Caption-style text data
Segment Open
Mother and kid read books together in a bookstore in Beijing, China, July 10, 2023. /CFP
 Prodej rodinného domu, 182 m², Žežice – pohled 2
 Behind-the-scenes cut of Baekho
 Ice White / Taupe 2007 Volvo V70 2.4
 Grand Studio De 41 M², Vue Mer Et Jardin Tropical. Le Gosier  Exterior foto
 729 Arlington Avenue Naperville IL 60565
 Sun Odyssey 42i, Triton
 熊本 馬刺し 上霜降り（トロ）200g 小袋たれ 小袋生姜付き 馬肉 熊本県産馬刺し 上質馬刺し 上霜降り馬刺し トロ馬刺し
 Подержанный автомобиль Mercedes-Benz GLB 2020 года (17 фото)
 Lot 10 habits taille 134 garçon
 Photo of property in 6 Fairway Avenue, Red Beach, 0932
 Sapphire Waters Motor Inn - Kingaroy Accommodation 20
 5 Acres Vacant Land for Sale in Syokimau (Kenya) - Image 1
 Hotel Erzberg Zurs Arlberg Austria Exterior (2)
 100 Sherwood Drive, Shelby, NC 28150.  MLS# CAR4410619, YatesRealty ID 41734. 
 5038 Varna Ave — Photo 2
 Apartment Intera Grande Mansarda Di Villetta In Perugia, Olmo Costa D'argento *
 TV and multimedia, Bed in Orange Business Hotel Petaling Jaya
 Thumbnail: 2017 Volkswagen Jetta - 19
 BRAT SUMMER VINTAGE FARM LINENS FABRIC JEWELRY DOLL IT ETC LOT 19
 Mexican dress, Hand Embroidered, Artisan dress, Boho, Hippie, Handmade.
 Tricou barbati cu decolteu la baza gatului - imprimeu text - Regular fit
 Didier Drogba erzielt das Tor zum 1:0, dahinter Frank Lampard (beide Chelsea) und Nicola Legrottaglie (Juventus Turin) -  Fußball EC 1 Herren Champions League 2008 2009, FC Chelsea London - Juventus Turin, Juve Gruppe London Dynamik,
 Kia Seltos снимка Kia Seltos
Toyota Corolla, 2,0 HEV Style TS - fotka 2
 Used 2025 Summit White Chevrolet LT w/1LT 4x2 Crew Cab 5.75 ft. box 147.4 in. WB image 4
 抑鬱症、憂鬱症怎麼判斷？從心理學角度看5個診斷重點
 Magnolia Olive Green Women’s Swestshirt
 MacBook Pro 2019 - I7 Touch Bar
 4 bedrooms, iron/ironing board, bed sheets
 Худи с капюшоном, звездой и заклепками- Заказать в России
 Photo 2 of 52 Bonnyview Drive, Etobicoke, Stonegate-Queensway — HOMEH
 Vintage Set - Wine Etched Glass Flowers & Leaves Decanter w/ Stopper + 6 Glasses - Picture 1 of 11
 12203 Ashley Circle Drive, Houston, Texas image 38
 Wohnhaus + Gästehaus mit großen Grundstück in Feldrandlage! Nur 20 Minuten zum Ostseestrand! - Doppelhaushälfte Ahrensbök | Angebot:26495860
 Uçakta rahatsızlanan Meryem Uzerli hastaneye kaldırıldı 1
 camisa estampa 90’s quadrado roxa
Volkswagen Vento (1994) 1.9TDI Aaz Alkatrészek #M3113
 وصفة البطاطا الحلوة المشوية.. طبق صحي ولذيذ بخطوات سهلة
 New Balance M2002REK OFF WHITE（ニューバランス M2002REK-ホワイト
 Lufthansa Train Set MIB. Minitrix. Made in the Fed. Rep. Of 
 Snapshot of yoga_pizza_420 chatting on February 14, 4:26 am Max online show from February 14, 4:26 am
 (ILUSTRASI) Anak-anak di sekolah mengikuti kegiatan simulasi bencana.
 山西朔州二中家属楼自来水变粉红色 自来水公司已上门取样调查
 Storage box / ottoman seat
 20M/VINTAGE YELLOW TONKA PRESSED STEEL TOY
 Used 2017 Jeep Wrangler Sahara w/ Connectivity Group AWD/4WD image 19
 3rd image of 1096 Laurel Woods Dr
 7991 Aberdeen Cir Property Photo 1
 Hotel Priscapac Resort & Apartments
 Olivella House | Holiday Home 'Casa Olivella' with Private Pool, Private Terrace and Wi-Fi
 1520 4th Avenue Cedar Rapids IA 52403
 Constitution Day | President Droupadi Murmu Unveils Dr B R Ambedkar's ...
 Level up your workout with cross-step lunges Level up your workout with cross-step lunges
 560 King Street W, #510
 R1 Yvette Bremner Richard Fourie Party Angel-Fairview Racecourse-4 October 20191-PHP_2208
Segment Closed
YOUR ASSIGNMENT
Your answer should be only the number of lines in the records that hold the word "Avenue".

RESPONSE AREA
3